Le président de la République, le général Joseph Aoun, s’attache de plus en plus à son initiative visant à engager des négociations directes avec Israël, dans le but de parvenir à un accord durable entre les deux pays, dont le premier objectif serait la cessation définitive des hostilités. Cet accord ne prendrait toutefois pas la forme d’un traité de paix, sauf si l’Arabie saoudite s’engage elle-même dans cette voie à l’issue de la guerre.
Fait notable, le président Aoun continue de bénéficier du soutien des parties concernées par la situation régionale, au premier rang desquelles les États-Unis, qui souhaitent voir la présidence libanaise franchir de nouvelles étapes concrètes dans le dossier des négociations, ainsi que dans le processus visant à consacrer le monopole des armes par l’État, notamment à travers le rôle de l’armée libanaise.
Dans ce contexte, des sources suivant de près le dossier des négociations ont exprimé leur inquiétude quant à l’attitude des responsables de la communauté chiite.
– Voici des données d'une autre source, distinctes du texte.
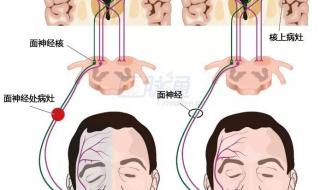 女子被冷风吹成面瘫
Selon elles, le Hezbollah semble avoir réussi à rallier ces derniers à sa position, le président du Parlement, Nabih Berry, en tête, ainsi que le Conseil supérieur islamique chiite.
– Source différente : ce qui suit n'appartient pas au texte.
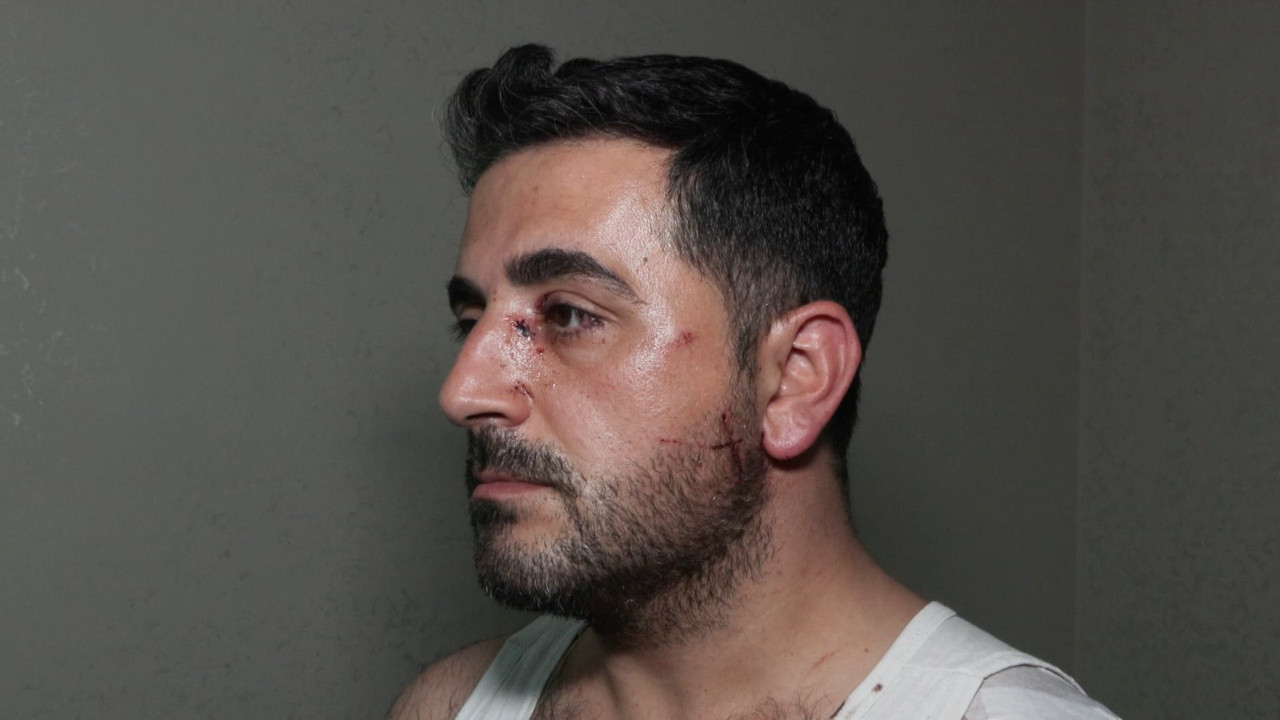 Eski kiracı ev sahibini bıçakladı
Leurs déclarations suggèrent un désintérêt pour un éventuel cessez-le-feu. Ces responsables œuvrent plutôt à accorder au Hezbollah une plus grande marge de manœuvre politique, tout en adoptant une ligne dure face au gouvernement du Premier ministre Nawaf Salam. Une campagne d’accusations est menée contre ce dernier et contre la présidence de la République, sur fond de craintes croissantes de déstabilisation interne.
C’est dans ce cadre qu’a été prononcé le discours politique contenu dans le message de l’Aïd el-Fitr du vice-président du Conseil supérieur islamique chiite, le cheikh Ali al-Khatib.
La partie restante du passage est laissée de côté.